It’s interesting, Russell, that we’ve both said in separate posts this past week that the issues we are addressing come down to a matter of “emphasis.” For you, what needs to be emphasized is that Frye seems “to downplay the difficulty” of achieving what Gadamer characterizes as the “fusion of horizons” between literature and life. As you go on to observe, “What [Frye] calls anxieties may be the product of painful experience that cannot be readily cast aside.” Earlier in the week, meanwhile, I said in response to a post by you that what needs to be emphasized is the priority of literary over ideological meaning, of centripetal over centrifugal reference.
It seems therefore that the difference in emphasis really does account for the apparent divide between us. To my eyes, what you say about ideology, anxiety, and the potential for misrepresentation of a literary text in the classroom (The Taming of the Shrew once again standing duty on the issue) only does an end run around what Frye is trying to get us past. If we insist on the primacy of ideological anxiety, whatever its source, we only perpetuate that anxiety. This is what I mean when I say that all of our limitations when it comes to literature are self-imposed. As Joe illustrates very concretely in his post yesterday, the centripetal direction of literary meaning is the revelation of primary concern, and that is what literature is saying when it is otherwise saying nothing about what we ought, must, are obliged or compelled to believe as a matter of our prevailing ideological anxieties.
In The Educated Imagination Frye observes that the purpose of a “liberal education” centred around the study of literature is to liberate. We are, as Blake says, enchained by mind-forged manacles. The source of our freedom lies in the perception that we ourselves serve interchangably as master and slave, and no verbal context offers such a perception more comprehensivley than literature precisely because it is not ideological in reference, and because it is motivated by concern rather than compelled by anxiety.
You suggest that some “anxieties may be the product of painful experience that cannot be readily cast aside,” and that may very well be true, as far as it goes. But just because some anxieties cannot be readily cast aside does not mean that they cannot ultimately be cast aside. None of this is merely given to us. The human creative endeavor is fraught with our frailty and failings. But any notion of human “progress” has an implicit teleology, and in Frye’s case it is the revelation of primary concern, which is, like the gestalt of literal metaphor (the centripetal foundation of all verbal meaning), a universal condition that is individually experienced and expressed.

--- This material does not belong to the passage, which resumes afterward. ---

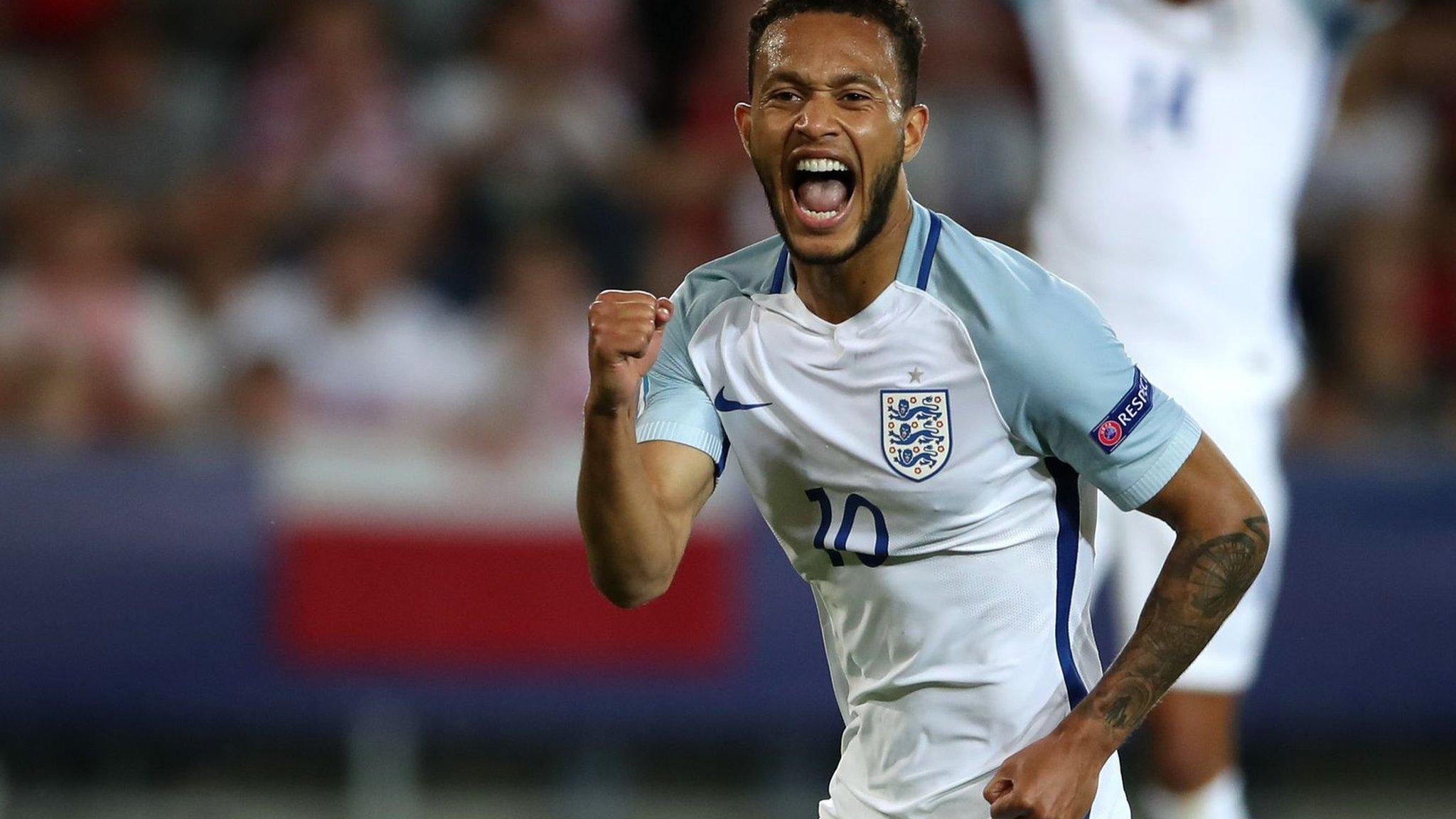 Lewis Baker celebrates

Apocalypse, says Blake, relates to the perceiver and not to the perceived. It is the distinction Frye makes in The Great Code between “panoramic” and “participating” apocalypse. Only the latter is a source of liberation, and that is up to each of us, one at a time, and at just about any time of our choosing. But first we have to become aware that it is available to us because we are the source of it, as evidenced by our ongoing acts of creation and recreation manifesting the emergence of primary concerns over ideological ones. And that, evidently, is the “intensified” state of consciousness Frye suggests in Words with Power is the aim of all critical endeavor. However, our consciousness cannot be so intensified if it stubbornly entangles itself in a state of ideological anxiety, which is as self-defeating as it is self-perpetuating.